2. The device of claim 1, wherein said clip is an alligator type clip.

3. The device of claim 2, wherein two such clips are positioned on said device, at opposite ends thereof.

4. The device of claim 1, wherein said clip is fastened to said device for limited rotation relative thereto in a plane parallel thereto.

5. The device of claim 2, wherein said clip is fastened to said device for limited rotation relative thereto in a plane parallel thereto.


The present invention relates generally to devices and methods for thwarting pick pockets, as well as minimizing inadvertent losses of money and valuables, particularly when traveling, and, more particularly, to an improved wallet which accomplishes the goals attributed to it.


1. Field of the Invention

At least since Charles Dickens chronicled the sordid lives of such as Fagin and Bill Sikes in Oliver Twist, the public, and in particular, the traveling public, has been wary of, and alert for, the presence of pick pockets.

The cautious traveler has been presented with a variety of contraptions intended to protect against the deft fingers of the pick pocket. Among such contraptions is an array of concealed wallets that strap to the waist or a leg, and which are, at a minimum, very difficult and inconvenient to access when the contents is needed.

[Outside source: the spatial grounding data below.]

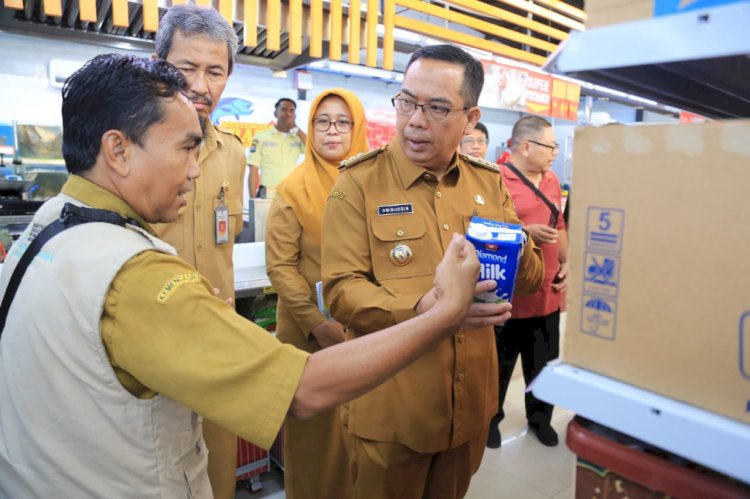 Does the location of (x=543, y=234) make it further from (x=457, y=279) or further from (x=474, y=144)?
(x=457, y=279)

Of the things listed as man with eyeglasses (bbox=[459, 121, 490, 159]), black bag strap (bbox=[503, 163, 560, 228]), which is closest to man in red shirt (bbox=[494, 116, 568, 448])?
black bag strap (bbox=[503, 163, 560, 228])

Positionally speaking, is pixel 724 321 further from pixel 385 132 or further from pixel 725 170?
pixel 385 132

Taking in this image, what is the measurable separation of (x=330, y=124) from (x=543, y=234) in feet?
4.54

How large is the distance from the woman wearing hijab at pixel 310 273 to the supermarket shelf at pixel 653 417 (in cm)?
167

A device that has seen considerable use among the more mobile members of the public is a chain, or cord, of some sort which is connected to one's wallet and is connected to the waist band or belt loop of one's pants. Such devices are readily observable by anyone and virtually telegraphs to all the immediate presence and location of one's wallet or other valuables. While a connecting cord, or chain, poses a challenge to a would be thief, necessity is said to be the mother of invention, and the chain or cord becomes little more than a minor impediment to a determined thief.

2. Overview of the Prior Art

There are several well intended security devices, both patented and unpatented, which have greater or lesser success in the market place. Even today, patents issue on such devices. By way of example, Morehead U.S. Pat. No. 6,695,022 issued in 2004 for a tethered wallet. It is a variation on the more popular chained wallet.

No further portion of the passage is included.